**WHAT IS NEEDED:**
Skip the pictures. Output only the lines below starting at the line with "Dessert Cups With" and ending at the line with "Presentation with new", both ends included, exactly as they are.

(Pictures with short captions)

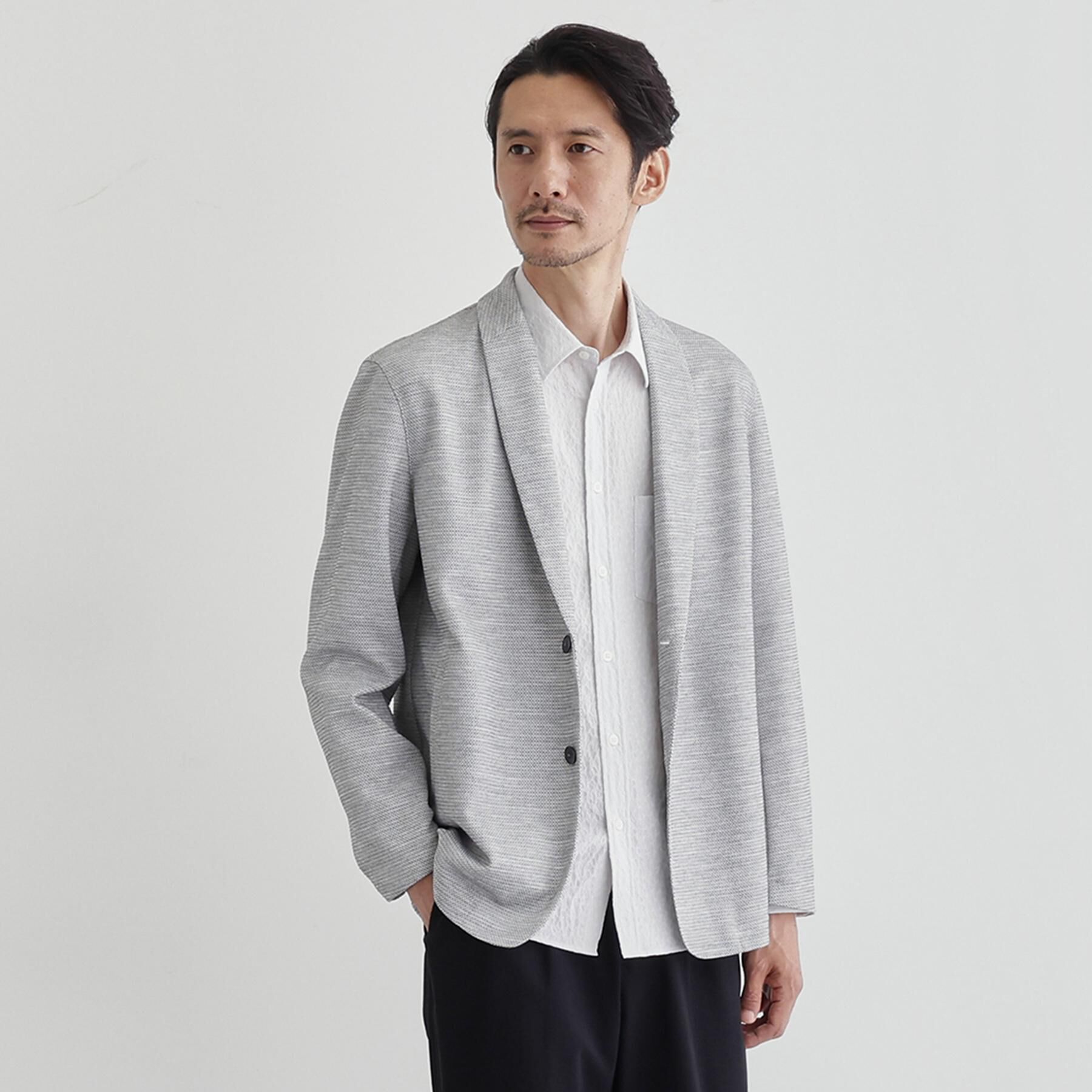 TAKEO KIKUCHI「【尾州織】ショールカラー カーディガン」|カーディガン|ライトグレー(011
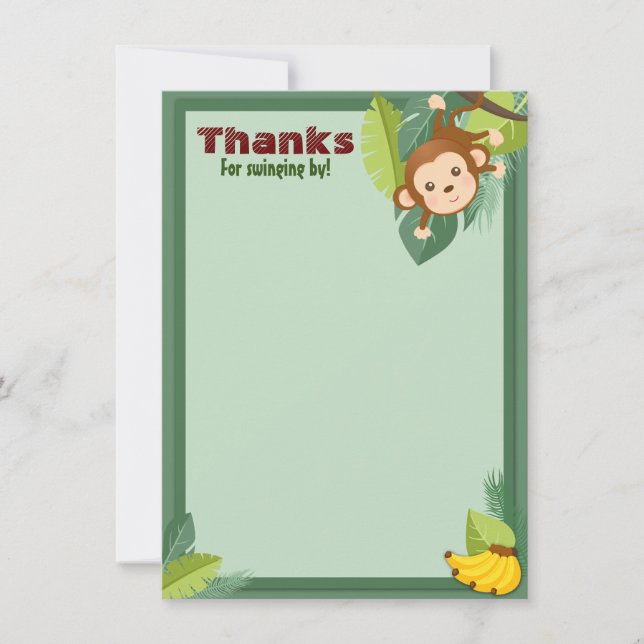 Tarjeta De Agradecimiento La jungla Monkey Animal Boy Birday Shower (Anverso)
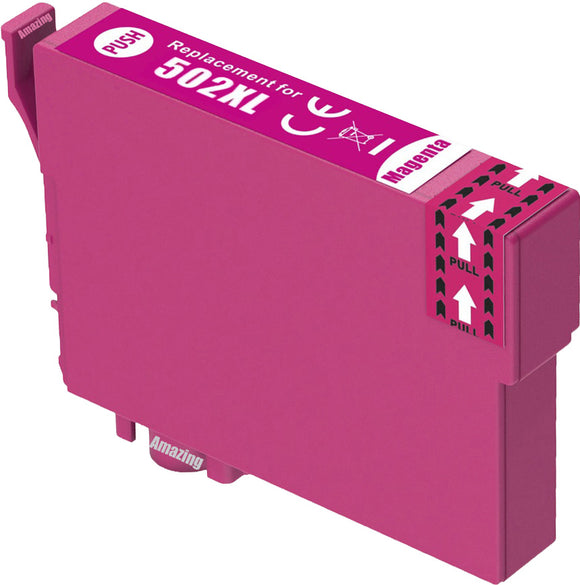 1 Compatible High Capacity Magenta Ink Cartridge, For Epson 502XL, T02W3, NON-OEM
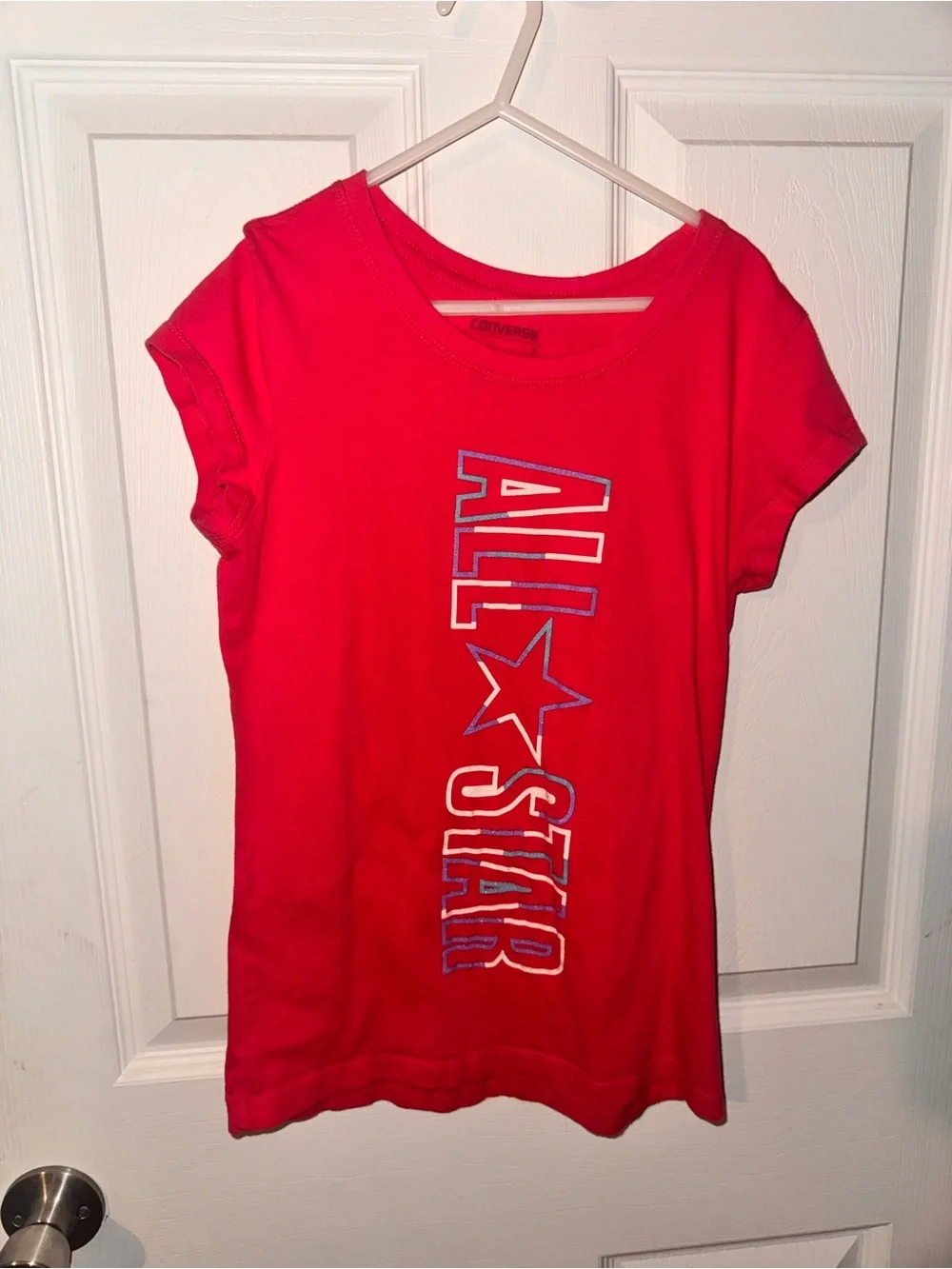 Converse Hot Pink Graphic Tee with Blue Accents
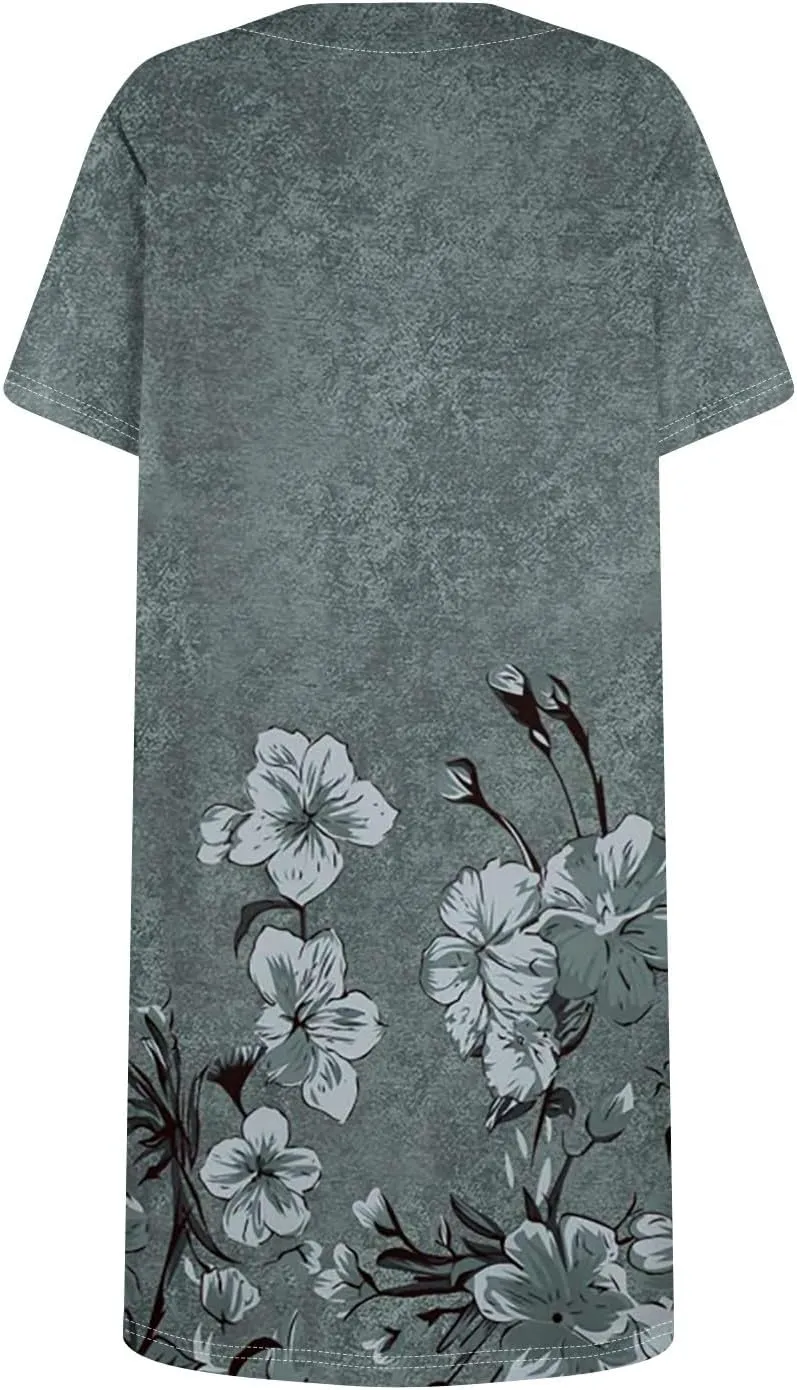 Women's Midi Dresses Summer Casual Trendy Dress Square Neck Short Sleeve Floral Print Solid Dresses, S-2XL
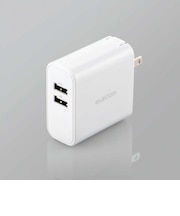 エレコム　AC充電器 24W出力 2ポート おまかせ充電 2台同時充電 急速対応 折りたたみプラグ コンパクト ホワイト ホワイト MPAACU05WH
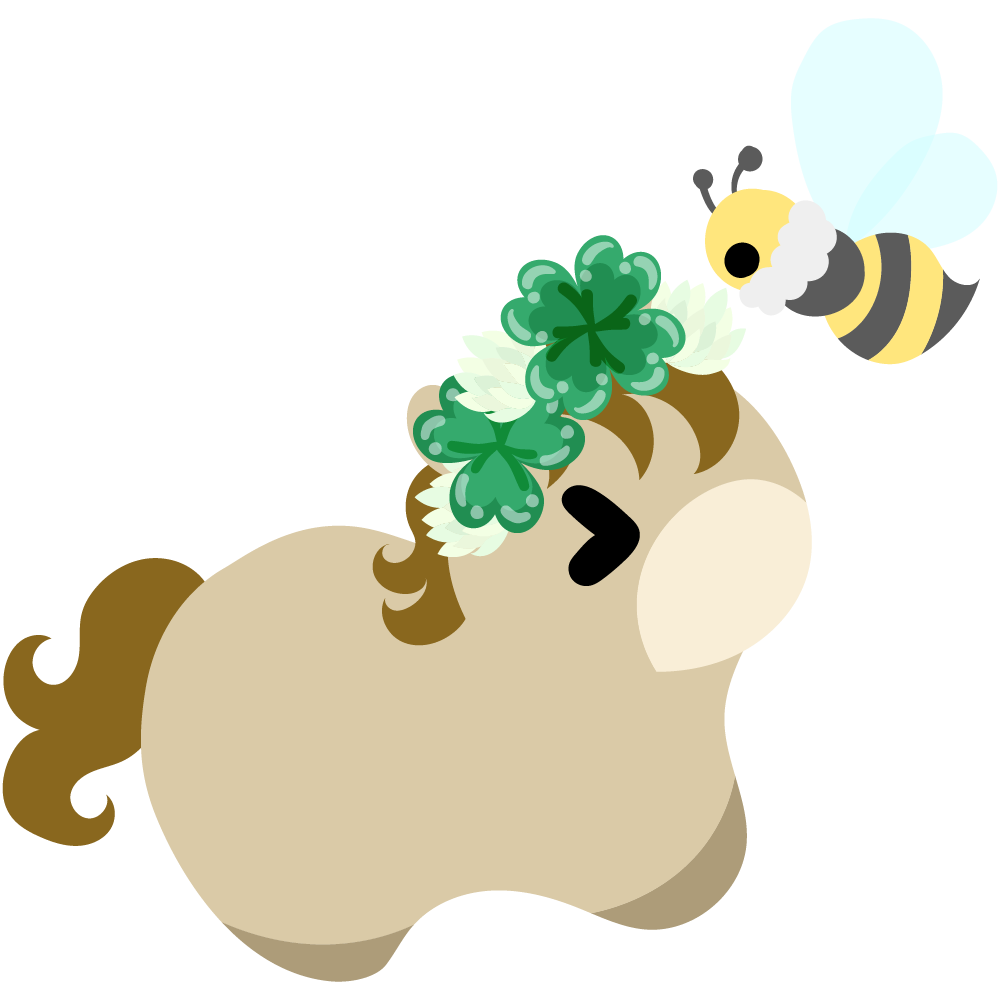 可愛い馬のフリーイラスト素材　-クローバーとミツバチ-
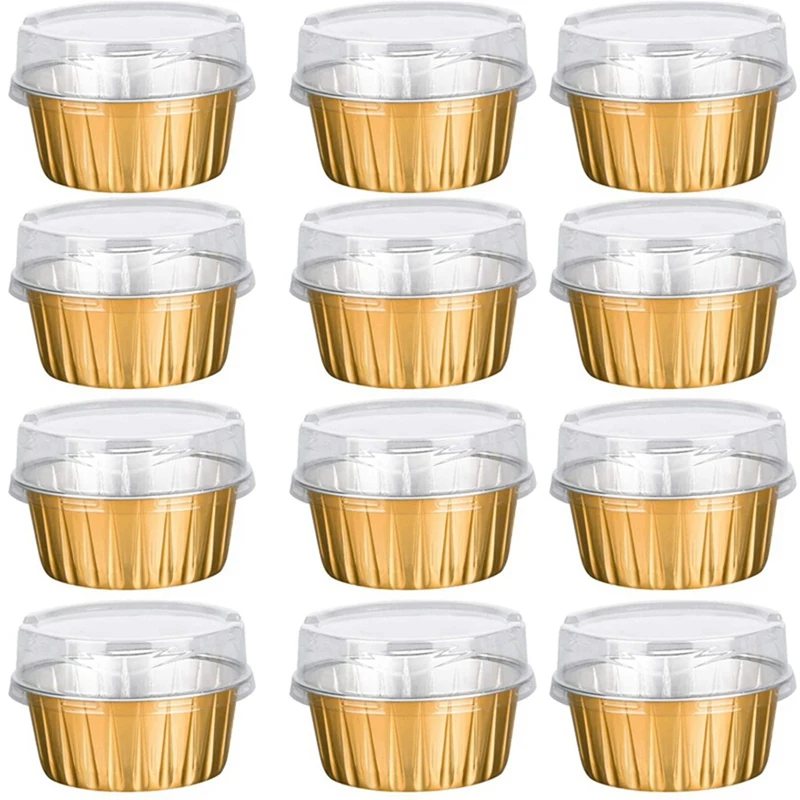 

Dessert Cups With Lids, 100 Pack Gold Aluminum Foil Baking Cups Holders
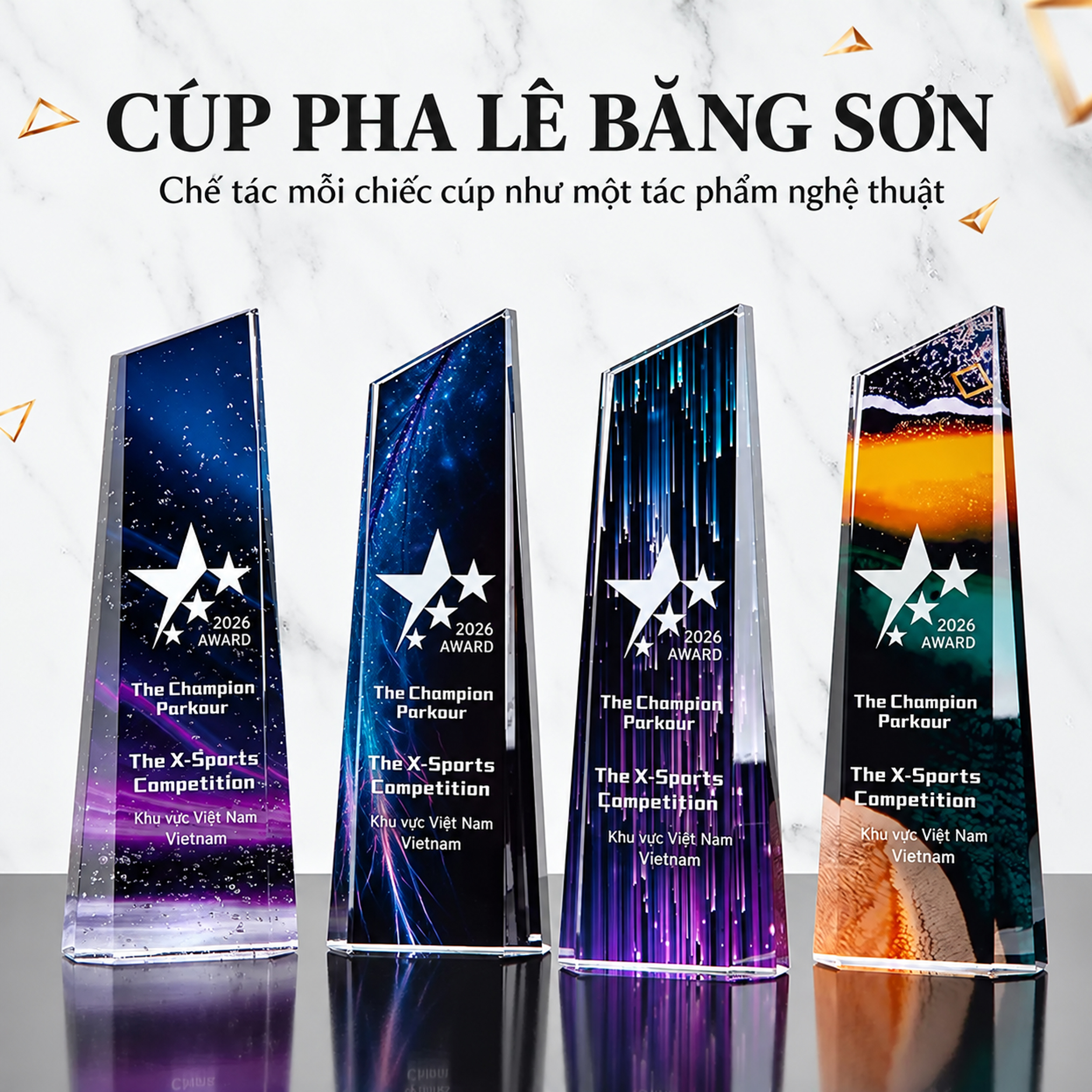 Cúp Vinh Danh Pha Lê Nguyên Khối CVD28
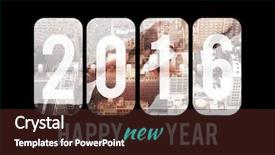  Presentation with new year streamer - Theme having new year graphic against composite background and a  colored foreground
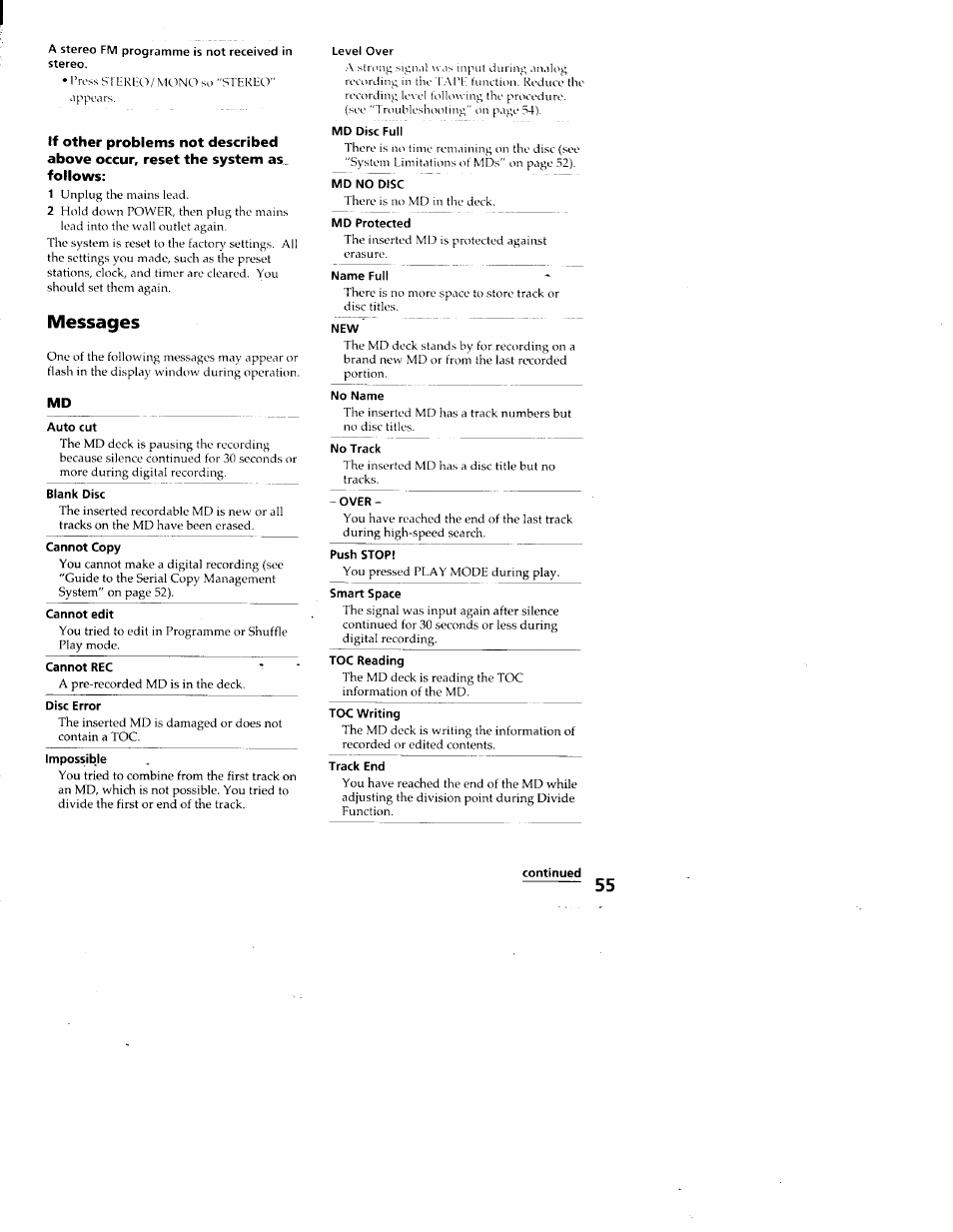 A stereo fm programme is not received in stereo, Messages, Auto cut | Blank disc, Cannot edit, Cannot rec, Disc error, Level over, Md disc full, Md no disc | Sony DHC-MD313 User Manual | Page 55 / 58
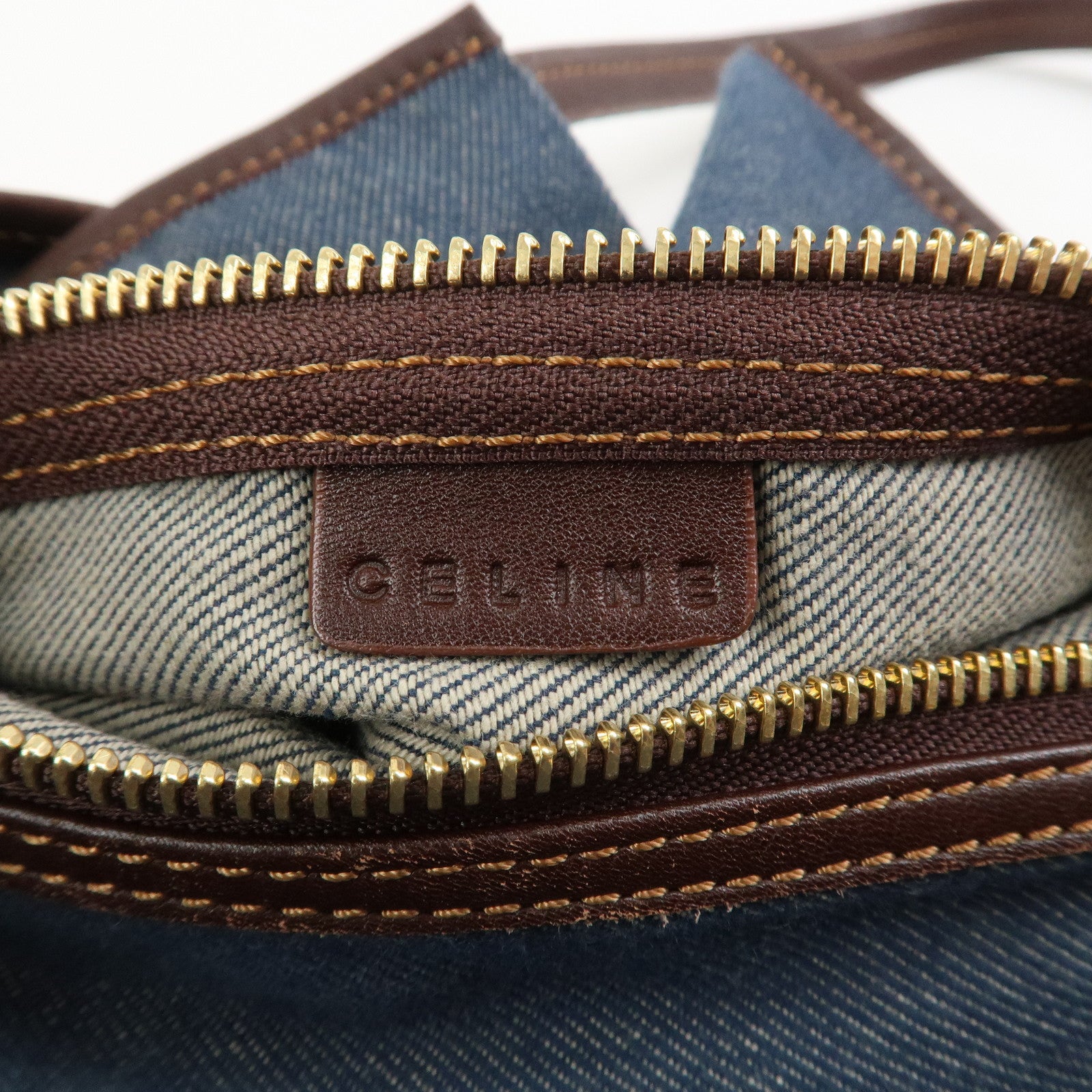 CELINE Macadam Denim Leather Tote Bag Shoulder Bag Blue Brown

**RESPONSE TO THIS EXERCISE:**
Dessert Cups With Lids, 100 Pack Gold Aluminum Foil Baking Cups Holders
 Cúp Vinh Danh Pha Lê Nguyên Khối CVD28
  Presentation with new year streamer - Theme having new year graphic against composite background and a  colored foreground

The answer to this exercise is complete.